Just a few of the totally unreasonable and totally unnecessary questions to pop into my head when The Voice of the Future is on the loose. We have so much to be happy about today. Why worry?
6) The Unstoppable Voice
It doesn't matter who you are, where you're from, or how you've come into my life. It doesn't matter if you're a colleague, a friend of a friend, my best friend, a man on the tube, the lady serving me in Sainsbury's, or a clearly psycho total stranger who has happened to get your paws onto my generally friends-and-family-only blog. I have a pathological need for you to like me. And that is exhausting.
This voice is the loudest and the most persistent, and it drives me to insanity sometimes.
Earlier this year I saw possibly the happiest person I know. She also happens to be the most kind hearted and the warmest person I know. And I was so surprised at her reaction when I was worried that her friend- a person I had only met that day and have no reason to ever meet again- seemed a bit annoyed at both of us.
For some reason I had imagined that she would be the same as me- pulling her hair out about it and bending over backwards to apologise. But she wasn't.
"Whenever my Dad's mad, my mom always says he'll get happy in the same pants he's mad in. It's the same. She'll be okay again in five minutes." (Please note she's American. She means mum and trousers.)
I won't bore you with the details of what this girl was a bit annoyed about but as my friend explained why she didn't feel the need to fix the situation even I could completely see that she was right. Her friend wasn't angry about anything that actually mattered and she'd be over it in five minutes and never think about it again.

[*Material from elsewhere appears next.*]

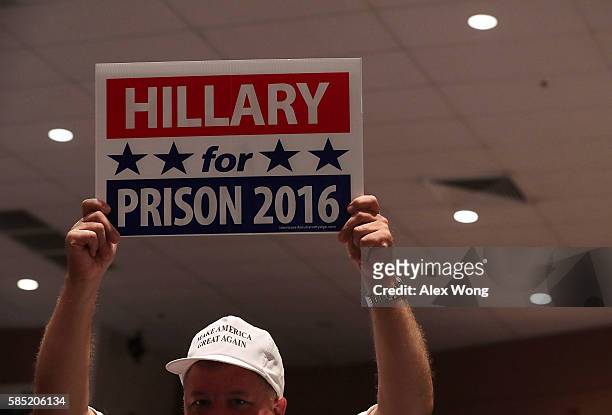 Supporter of Republican presidential nominee Donald Trump holds up a "Hillary for Prison 2016" sign during a campaign event at Briar Woods High...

I cannot emphasise enough how energetic, kind, and thoughtful this friend is. Perhaps it's because she isn't weighed down worrying about the nonsense that I worry about.
I also recently read something on the internet posted by one of my ultimate heroes, health and fitness Guru Chalene Johnson.
Somebody had commented on her status "you annoy me. #unfollow."
That would have resulted in me gulping back the tears and my quivering voice insisting that I know it doesn't matter but then needing a few minutes to blow my nose.
Chalene drew attention to it. And not to make a fool of the writer of the comment, and not to shame her as a 'hater', but to demonstrate to people that it's okay if everyone doesn't like you. I won't write exactly what she said (mainly because I'm not sure about copyright), but basically her message was this: not everyone is going to like you. And that's okay. If you find somebody annoying/ boring/ upsetting in any way then try your best to remove them from your life to make room for all the wonderful, magical, fascinating people that are out there. And let the people that find you annoying (because there will be people that find you annoying) leave your life, to make room for the people who find you wonderful, magical, and fascinating. And just be thankful that your life is only full of these great people.
My happiest friends are also the healthiest, most beautiful, most energetic, and kind, and I truly believe that if I could keep the energy that I put into worrying, and could let go of those totally unnecessary things that pull me down, I would be lighter, and as a result be as happy, musical, and energetic as the happiest people I know.
Now just to be clear I am a happy person. I am happy every single day, am positive, and grateful, and smile a lot. But I know that if I could just Let Things Go I could be lighter and even happier. And so could you.
So this is me promising you, lovely readers, that I will continue to do my best at everything, but then I will Let It Go. And so should you.